Now a Maryland Congressman is demanding AIG's CEO step down.
At the conference in Arizona last week, AIG asked the Pointe Hilton Squaw Peak Resort not to post any signs with its name on it in the area, leading KNVX-TV, the ABC affiliate in Phoenix, to send a reporter in undercover.
"Is this registration for the all-secretive AIG?" asked the undercover reporter. "Yes, it is," replied a hotel employee in an exchange caught on hidden camera.
The reply confirmed AIG was heading a meeting at a luxury resort, complete with cocktail parties, limousines and nice dinners. It was all happening as the company received billions of dollars of federal bailout money.
"Why don't you just post the darn AIG sign?" asked the undercover reporter.
"No, no, no, no, no," replied the employee.
"They tell you guys not to post it?" asked the KNXV-TV reporter.
"Oh yeah," replied the hotel worker. "We can't even say the word."
AIG said months ago it would stop "all nonessential conferences, meetings and activities that do not clearly maximize value and service given the current conditions."
But AIG is defending the conference, calling the report misleading.
"We reviewed this one.

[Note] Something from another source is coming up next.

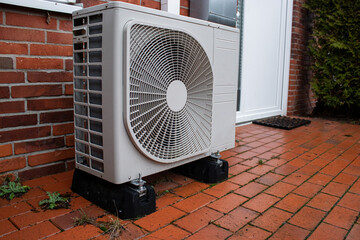 An electrical air conditional system heat pump outside of the building 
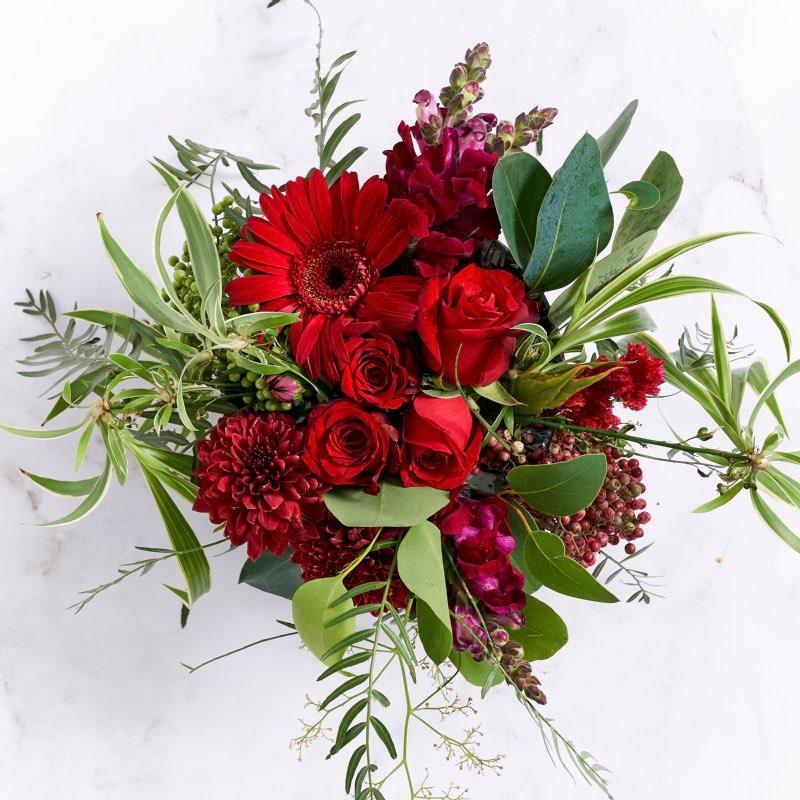 Red rose, gerber, marron snapdragons and  greenery in gold container | Fabulous Flowers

This one did not slip by," AIG spokesman Nick Ashooh said Tuesday. "Some of the things we've done in the past certainly can be criticized, but this was a totally legitimate event that wasn't even for AIG employees."
Company officials said the meeting was a sales training and education conference for about 150 independent financial advisers in its AIG Advisers Group.
Such financial planners were responsible for generating almost $200 million in revenue this year for AIG as of Sept. 30, the company said.
"It is essential for AIG to conduct seminars of this kind to keep independent financial planners abreast of investment products and services including those offered by AIG," AIG Chief Executive Edward Liddy said in a statement.
"This conference was approved because it provides the kind of communication we must conduct with the people who sell our products if we are to be successful and repay the U.S. taxpayer," Liddy said.
While some AIG employees were present, the cost was "minimal" to AIG, with more than 90 percent of the event paid for by attendees or by sponsors, Ashooh said.
"It's the way we do business. We have to hold these events," he said. "You have to hold them somewhere."
"This conference was approved because it provides the kind of communication we must conduct with the people who sell our products if we are to be successful and repay the U.S. taxpayer," AIG said in a statement.
Some lawmakers aren't happy.
"The problem is that they've come to us and said, 'Save us, please. Congress save us.'" said Rep. Elijah Cummings, a Maryland Democrat. "A person who is drowning doesn't then go jump up and start partying."
In recent months, AIG has come under fire for picking up a $440,000 tab for a weeklong retreat at the posh St. Regis Resort in California for top-performing insurance agents, just days after the U.S. government stepped in to save the company with a $85 billion taxpayer-funded loan. AIG also spent $86,000 for a hunting trip in England as the faltering company reaped another $37.8 billion in taxpayer funded loans.
Lawmakers investigating AIG's meltdown said they were enraged that executives of AIG's main U.S. life insurance subsidiary spent $440,000 on the retreat, complete with spa treatments, banquets and golf outings.
Company officials said the activities had been planned months before the bailout. On Oct. 10, the company pledged to do everything possible to end such extravagances and has since agreed to freeze millions of dollars in compensation and bonuses for former executives.
The most recent event held in Phoenix, came as the government announced new financial assistance to AIG, including pouring $40 billion into the company in return for partial ownership.
Liddy said the company conducted a "top-to-bottom review of all expenses of the Phoenix meeting in advance and found that it was consistent with my Oct. 10 directive."
The company has canceled more than 160 events, since, AIG officials said.